Hammerson owns 56 shopping centres and factory outlet retail parks valued at £9bn (R160bn). About 60% of its assets are UK-based; the remaining 40% are in France, Ireland and the Netherlands. So the income stream from the portfolio is well spread from a geographic and currency perspective. Flagship malls include Brent Cross in London — the UK’s first shopping centre, which was built 40 years ago — Bullring in Birmingham, Dundrum Town Centre in Dublin, Bicester Village in Oxford and Les Terrasses du Port in Marseille in the South of France.
The management team, led by CEO David Atkins, has a track record of delivering above-market earnings and dividend growth. Over the five years to December 2015, Hammerson achieved annual compound earnings and net asset value growth of 8.7%/share and 7.6%/share respectively. Dividend growth per share has increased by 7.7%/year over the same time, which is impressive in Europe’s low-growth inflation environment.
Given such a strong track record, Hammerson unsurprisingly already had a strong following among SA investors before its inward secondary listing on the JSE. At the time of listing about 12% of its issued shares were owned by local investors, including the Resilient group of companies, which is known for creating value for shareholders.
On a visit to SA last month Atkins told Investors Monthly that he expected the SA shareholding to rise to between 15% and 17% in the next six months. He said there had been strong demand from SA fund managers for Hammerson shares but that many had already reached their offshore allowance threshold.

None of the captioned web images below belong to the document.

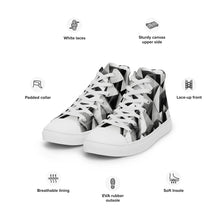 Load image into Gallery viewer, &quot;Black Triangles&quot; Men’s high top canvas shoes.
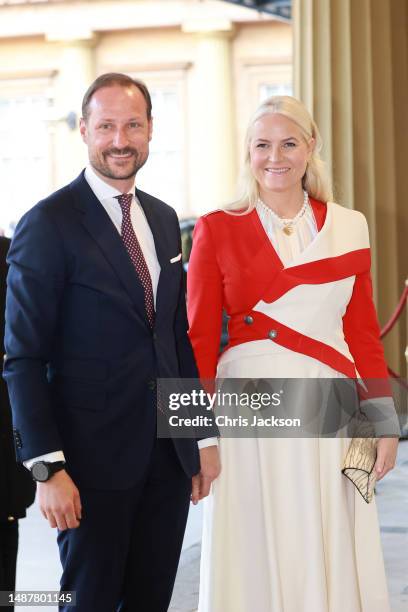 Haakon, Crown Prince of Norway and Mette-Marit, Crown Princess of Norway attends the Coronation Reception for overseas guests at Buckingham Palace on...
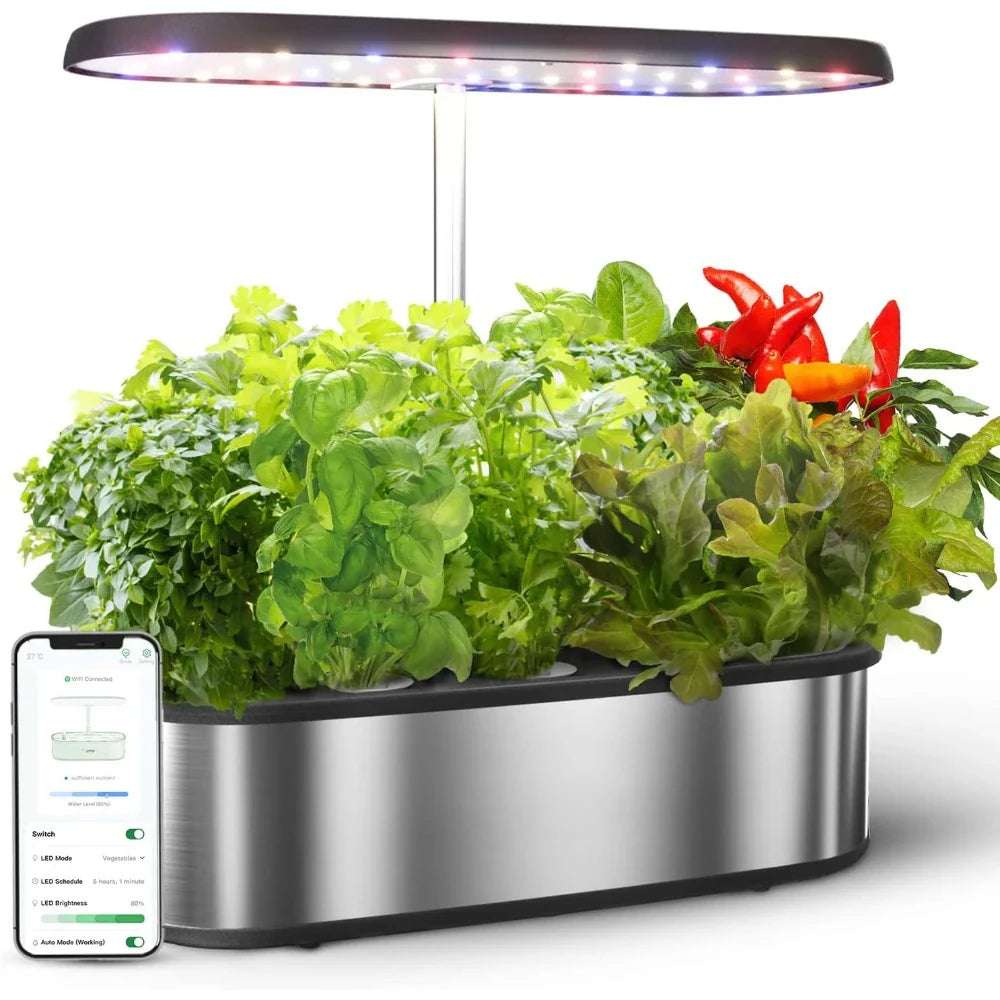 Hydroponic Planting System Kit, APP and WiFi Control, 24W Growth LED, 5.5L Water Tank, Pump System, Automatic Timer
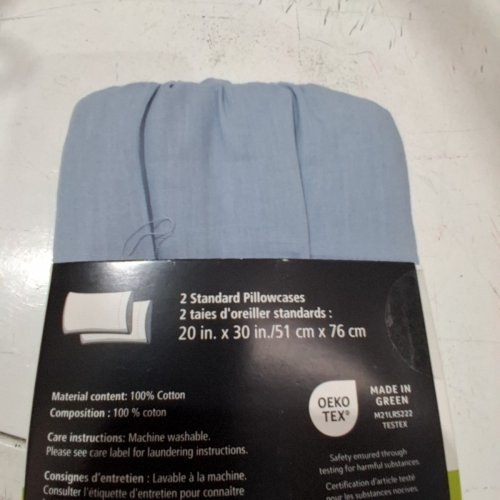 2PC PIZUNA COTTON ENVELOPE PILLOWCASES - STANDARD - DUSTY BLUE image 4
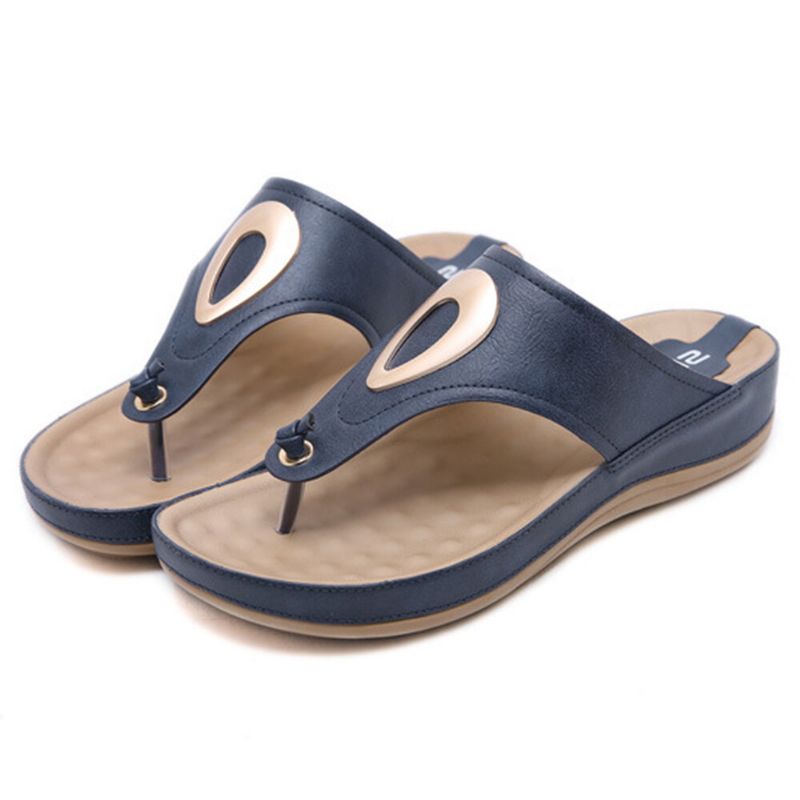 Sandalias Informales Con Chanclas Con Punta De Clip Para Mujer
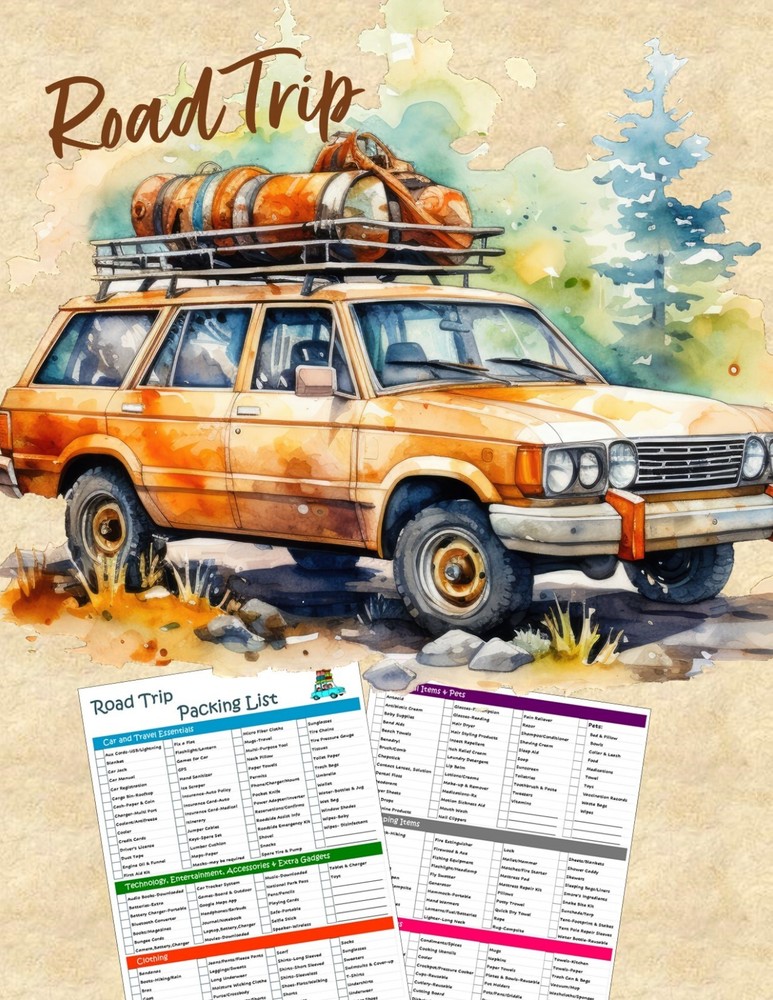 Laminated Road Trip Planner Packing Checklist -2 Sided- Never Forget Essentials!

“A JSE listing therefore made sense, as it removed the exchange control barrier. A secondary listing also improves the depth and spread of the company’s shareholder base, improving liquidity and tradability, and ensures access to a wider pool of international capital.”
Nesi Chetty, head of property at MMI Investments and Savings, says Hammerson is a good buy at levels of around R98 to R100, which places the stock on a forward yield of 4.4%. “That’s very attractive relative to its peer group.” Chetty says that despite volatile retail trading conditions in the UK, Hammerson has managed to grow like-for-like net rental income consistently.
The portfolio has very few vacancies, with management being proactive on lease renewals and signing up new tenants on expiries. The company has two new promising developments under construction in strong retail nodes that Chetty says will be earnings accretive — Victoria Gate in Leeds and WestQuay Watermark in Southampton, which will deliver 52,400 m² of new retail and leisure space in the next six months.
Both developments are 80% pre-let and are expected to realise 19% profit on cost. Chetty notes that the company also has a strong balance sheet that will allow it to pursue future deals.
For those who don’t yet own Hammerson shares, the share price weakness, coupled with a relatively stronger rand, creates an ideal opportunity to gain exposure to what is now not only the JSE’s largest property stock, with a market cap of around R76bn, but is arguably also one of the best-quality rand hedges in the sector.
Brent Cross mall was the UK’s first shopping centre.